But besides my underwater predicament, there was the floating problem of the dinghy, which was now one oar shy and apparently also missing an oar lock. It was decided that the boat I had crippled should be taken back to shore and the spare brought out to the anchorage to be used on our return. As I remember it, Cynthy grabbed the prow line of the rowboat in her teeth and swam to shore tugging the dead boat, occupied by the hostess, behind her. I am assured by others who were present that she tied the boat to her waist. In fact, she is a very strong swimmer and this feat was accomplished smoothly and in no time at all.

Somehow while Cynthy was making right the latest David-created catastrophe, I managed to hoist myself aboard the sailboat — with the host's adroit help. He and I then made not-unhappy small talk while I began my period of drip dry, until Cynthia and the hostess had returned with the new rowboat. They tied up to the anchor buoy and spryly climbed aboard, and the host and hostess unfurled the sails and we upped anchor.

All was asparkle and we were on the way.
The adventure was back on track!

Then, as we left the small harbor, rounding the headland and entering the Atlantic,
I vomited for the first time.

While the others felt the bracing wind on their faces, enjoyed the sights and sounds of Newport harbor, and kept discreetly asking if I wanted to go back, I kept a smile on my face between fits of heaving the day's light breakfast overboard. I did enjoy the host’s narration of the history of the port and his memories of Newport since his childhood there during WW II. Cynthy’s face and demeanor offered a marvelous contrast to mine. She was beaming from within and completely at seadog ease — though glancing frequently and with sympathy in my direction. My smile was real though it required considerable effort. The periodic vomiting required no effort at all.

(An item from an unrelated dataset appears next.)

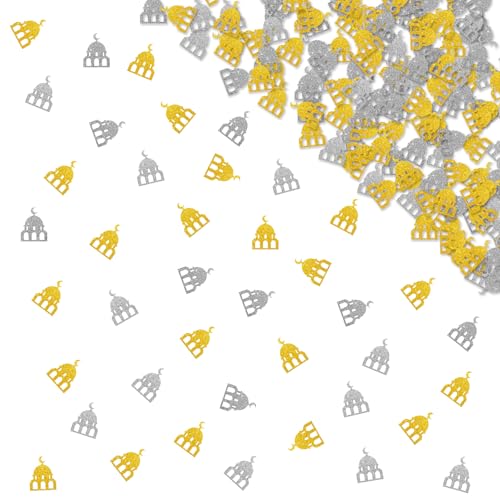 120pcs Mosque Confetti, Eid Mubarak Table Confetti, Gold Glitter Ramadan Mosque Muslim Islamic Party Table Scatter, Ramadan Kareem Mubarak Party Decoration - style: 2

When the harbor tour was over and as the day’s sailing wound down, the hosts had the wise thought of dropping me at a dock at a private club on the then nearest side of the island. Happily, another dinghy dance could be avoided altogether! Cynthy disembarked with me, and the hosts enlisted a kind friend to ferry us from the club to their "cottage." This friend said nothing about my near-death appearance and still-wet clothes, or total lack of proper attire for the boat I had just left. Instead she placed Cynthy and me briskly in the back seat of her 25-year old Volvo wagon and peeled rubber getting out of the parking lot.

Dry land, and the prospect of sitting still soon! But as I reached over to open the window in hopes of getting enough air to prevent me from repeating in her car the vomitous events of the day’s sailing, I realized that this kindly-seeming woman was . . . a professional hitman. There was no handle with which to roll down the window and there was no handle for opening the door! This was a real life scene out of the James Bond movie "Live and Let Die." Instead of James Bond in the back of a taxi driven by one of Mr. Big’s bad guys, it was David and Cynthy in the back of an ancient Volvo driven by an unknown grandmotherly-looking killer. What had I done to whom and when? Who put the contract out on me? And since Cynthy had seen the driver’s face, it was clear that she too was about to meet her end. These were the suspicions and questions exploding in my oxygen-starved brain as I sat in the back of the "overly hot" car, as we hurtled through time and space towards the "cottage" on the hill.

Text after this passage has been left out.